Okay, more importantly: we need to set the record straight on Veronica Falls (and having done so, drop the needle). Lester and his ilk’s complaints are these:
1. The Band is derivative (of C86, spooky post-punk, etc.)
2. The Sound is dilute (a “neutered and bled” Pixies, a “kintergarten” Siouxsie, and other synonyms for wet blanketry)
TLOBF’s modest counterproposals, if you’ll have them:
Lest we forget, the word “derivative” is ambiguous. On the one hand it describes that music which is so similar to another artist’s – or such an uninspiring amalgam of several – that it might as well have not existed. (My Illustrated Dictionary of Music Snark has a picture of Duffy, here, though this may vary according to edition.) Its other meaning bears more relation to its stem: music that derives, or originates, from the gene pool of pre-existing influences. We could throw Yuck between the two for hours, but to condemn Veronica Falls for sounding a bit eighties feels like picking on the ginger kid. They’ve one foot in Glasgow, one in London, and it’s just their genetics.
The blood is strong and mixed, the offspring ruddy. There’s nothing wimpy about the guttural clamour that raises ‘Found Love In A Graveyard’ from its earthen bed: this, one of their earliest tracks, is primed with a dirt and a darkness that even Roxanne Clifford’s schoolgirl lilt can’t shake. All the acidity of Orange Juice and less of the sugar. Even if the rest of the album were mediocre, this would carry it.
Of course, it needn’t. We see that deathly undercurrent again in ‘The Fountain’, ‘Bad Feeling’ and the surf-rock froth and effervescence of ‘Beachy Head’. But still other tracks rest somewhere in the sun-lit shallows: ‘Right Side of my Brain’, ‘Misery’, ‘Stephen’, ‘The Box’, ‘Wedding Day’ and the sublimely pretty ‘Veronica Falls’ itself. At times the band seems to owe more to flowery 60s folk than later decades: the harmonies are multi-layered and dust-mote soft, the guitar lines more evocative of The Byrds than Pam Berry. But still, that balls-to the-wall quality pervades – and is arguably the key to how very fresh and thrilling this band can be. The drums, man – on ‘Come on Over’ they wait about 43 seconds till they jump you. Thum-pak-thum-oak-thum-pak-thum-pak, and the vocals resolutely buttery: “hey, come on over, crimson and clover / I touch your shoulder, until it’s over, oh for ever, come on over / come on over”. It’s a teenage stream-of-unconsciousness, and it’s sure persuasive.

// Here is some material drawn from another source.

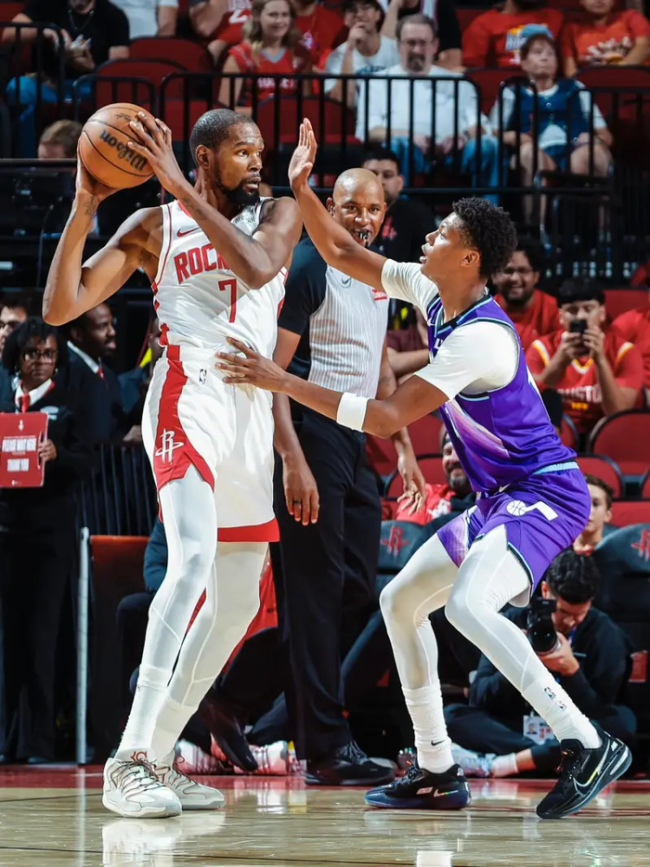 NBA:杜兰特首秀20分 火箭轻取爵士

Who knows. Maybe it’s fair that those who experienced the C86 wave firsthand will find Veronica Falls lacklustre by comparison. And maybe it’s equally fair to propose that the power of nostalgia will bear heavily on their opinions. (Many of us will probably feel much the same in twenty years: you’ll find us calling The Next Generic Young Upstarts “a milk-fed Veronica Falls” as we send the cycle reeling on.)

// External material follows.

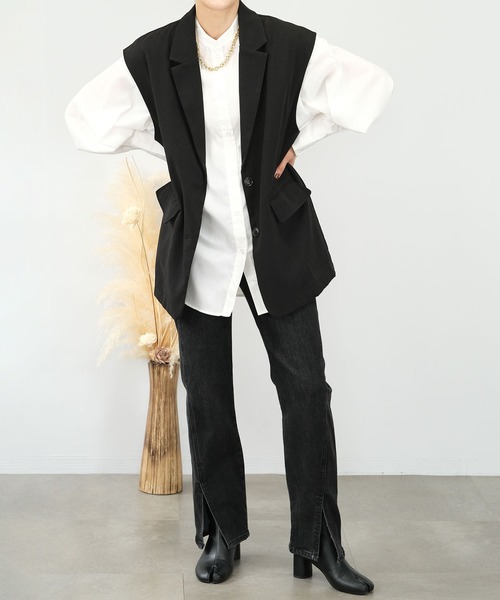 ANDJ(アンドジェイ)の「【2022/AW】起毛ツイルテーラードベスト(ベスト・レディース・ブラック/ベージュ・M)」の6枚目の写真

So, if we may shed all context for a minute: oh, but this band is incredible. Notice yet how every beat hosts a tambourine? It’s a jingle-bell pulse running the length of these twelve songs. Every song sounding like the merriest Christmas: that’s distinctive. The slightly bent notes in the otherwise immaculate pop peach of ‘Misery’: that’s distinctive. The way the vaguest, grodiest suggestion of the ‘Graveyard’ riff at the sound-check can give you chills: yes, that’s distinctive enough.